GIVEN RECORDS below:

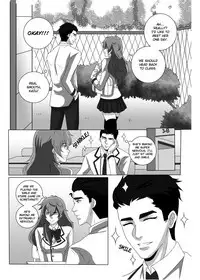 [Joberu] Fujoshi Trapped in a Seme's Perfect Body 1 (Chapter 1 - 4)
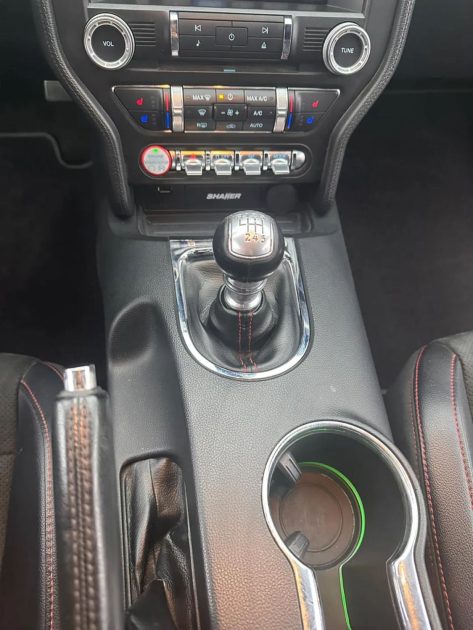 FORD MUSTANG 5.0 V8 421ch CALIFORNIA SPECIAL GT
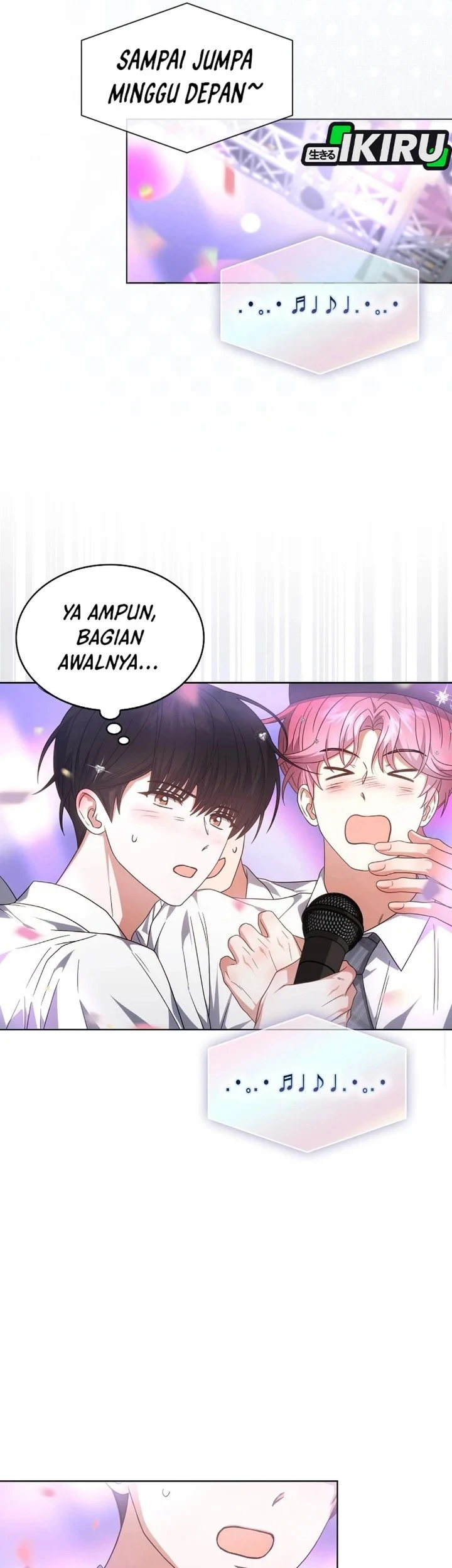 Debut or Die Bab 81 halaman 47
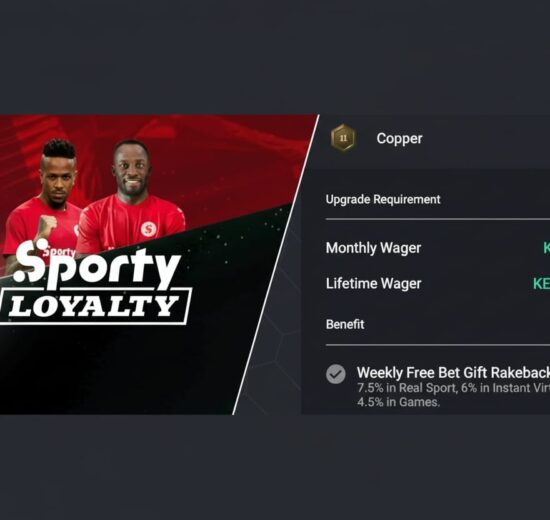 Sporty Loyalty Guide 2026– How to Earn Weekly Rewards &  Climb the Tiers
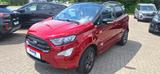 Ford EcoSport ST-Line - rote Ford EcoSport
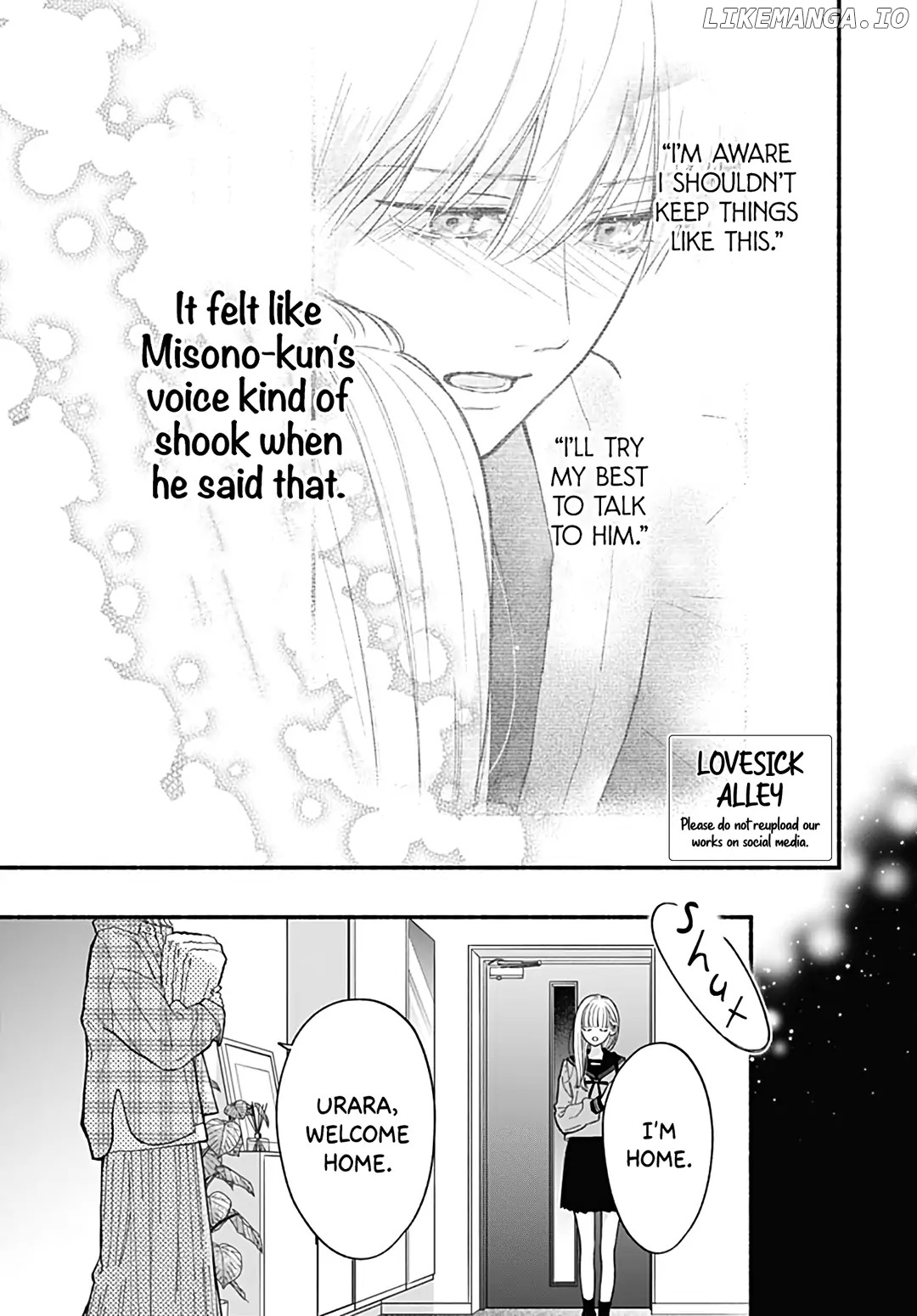 Futari De Koi Wo Suru Riyuu chapter 69 - page 5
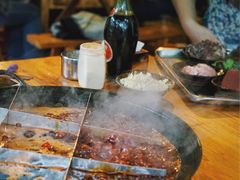 -岗上渣渣老火锅(两路口店)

End of GIVEN RECORDS.

## TASK STATEMENT
An exact reproduction of the material above is needed, without its pictures.

## WRITTEN ANSWER
 [Joberu] Fujoshi Trapped in a Seme's Perfect Body 1 (Chapter 1 - 4)
 FORD MUSTANG 5.0 V8 421ch CALIFORNIA SPECIAL GT
 Debut or Die Bab 81 halaman 47
 Sporty Loyalty Guide 2026– How to Earn Weekly Rewards &  Climb the Tiers
 Ford EcoSport ST-Line - rote Ford EcoSport
 Futari De Koi Wo Suru Riyuu chapter 69 - page 5
 -岗上渣渣老火锅(两路口店)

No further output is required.